The agreement in principle, worth the equivalent of €10.8-13.1 billion, is tied to tough reform conditions which will have a big impact on the Ukrainian economy and people. 

The Fund's Ukrainian mission chief Nikolai Georgiyev said the rescue would form the central part of a broader package released by other governments and agencies.

This would amount to $27 billion (€19.6 billion) over the next two years.

Georgiyev said the actual size of the "standby agreement" would be determined only once the new Western-backed leaders of Ukraine implemented the reforms the Fund had sought in vain from the cabinet of Kremlin-backed president Viktor Yanukovych.

That government was toppled in February by three months of protests.

"The programme will be approved by the IMF board when the steps that I mentioned are implemented," Georgiyev told reporters after holding a decisive round of talks with Ukrainian President Arseniy Yatsenyuk yesterday.

The package announced by the Fund is only slightly smaller than that $15-20 billion (€10.9-14.5 billion) requested by the former Soviet state's new leaders when Georgiyev's mission first arrived in Kiev on March 4.
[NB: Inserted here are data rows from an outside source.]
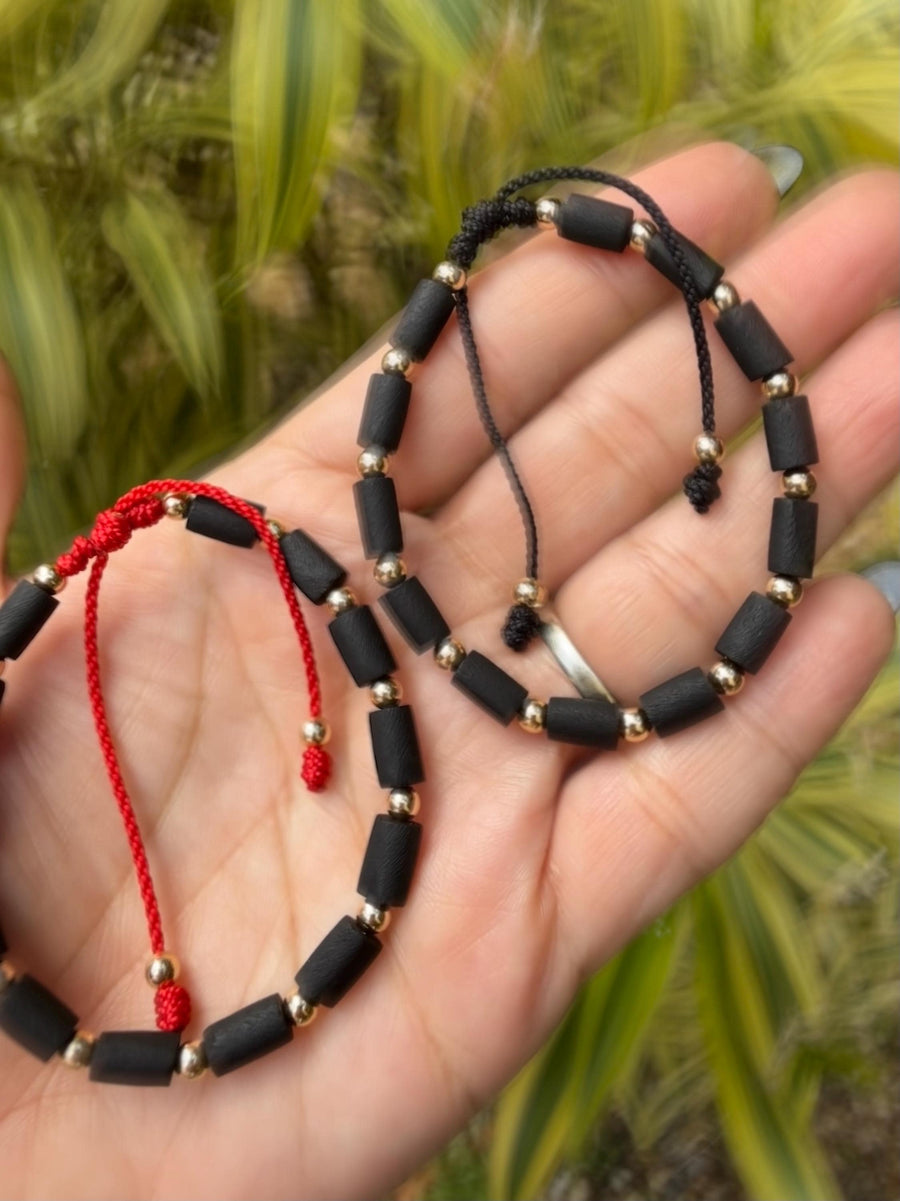Pulsera Azabache Auténtico Hilo Rojo Oro 18K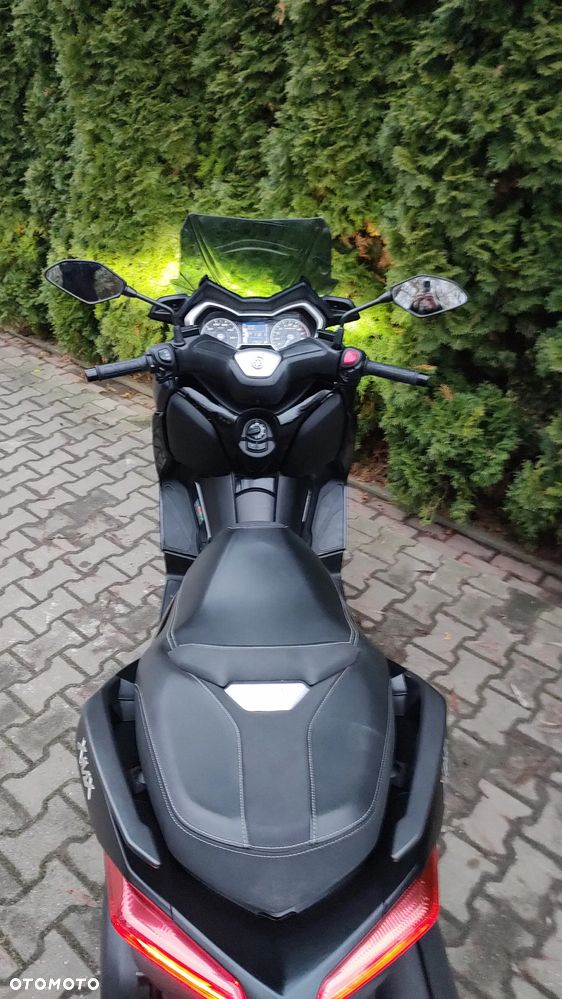 Yamaha X-max - 8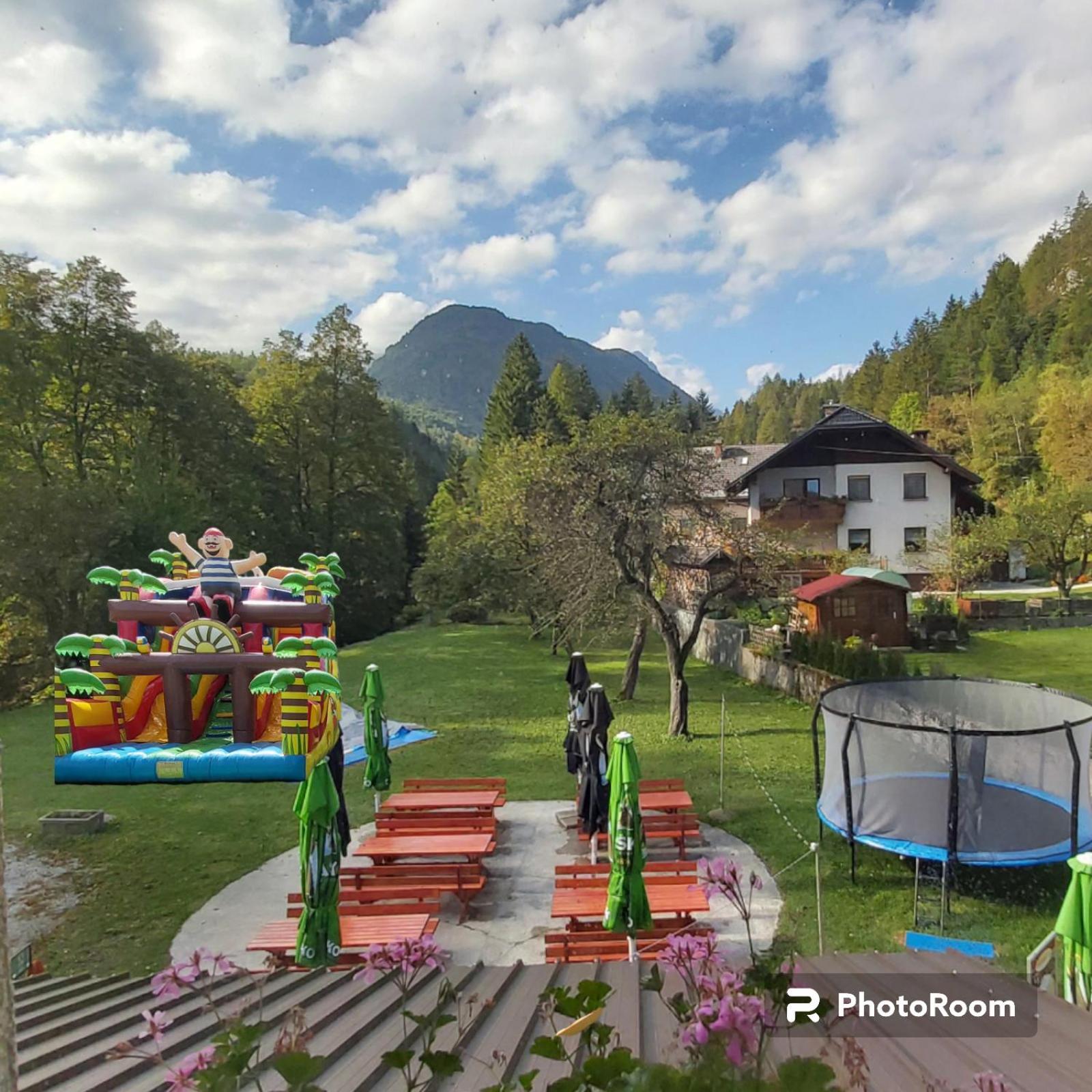Hostel In Picerija Spajza Mojstrana Luaran gambar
The Fund has made an immediate end to Ukraine's costly gas subsidies one of its main conditions for the programme's approval.

It also wants the central bank to stop propping up the Ukrainian currency and for the government to cut down on corruption and red tape.

Georgiyev called these two steps as a more committed effort to fight bureaucratic red tape and state corruption "the foundation for stable and sustainable growth".

The IMF programme was announced one day after the Ukraine's state energy company Naftogaz said it would increase domestic heating gas prices by 50% on May 1. 

Naftogaz added that rates for district heating companies would go up by 40% on July 1 and that further rate increases were likely in the coming years.

Ukraine's central bank has already limited its currency interventions - a decision that has seen the hryvnia lose more than a quarter of its value against the dollar since the start of the year.

The IMF programme's formal approval in April will set in motion the release of further assistance from both Washington and the European Union.

Yatsenyuk said he expected European Union officials to send €1.6 billion to Kiev within two months of approval of the loan deal.

The US has also pledged $1 billion (€720m) in loan guarantees while Japan has promised up to $1.5 billion (€1.1 billion).

Economist believe that the IMF decided to move faster than it may have initially wanted out of concern that the Ukrainian government could become insolvent within a matter of months.

Ukraine's fast-depleting reserves - spent the previous years on propping up the currency at artificially high rates in order to avoid public discontent - had reached levels sufficient to cover just two months of imports. It also owes billion of dollars in foreign debt payment coming due within the next few months.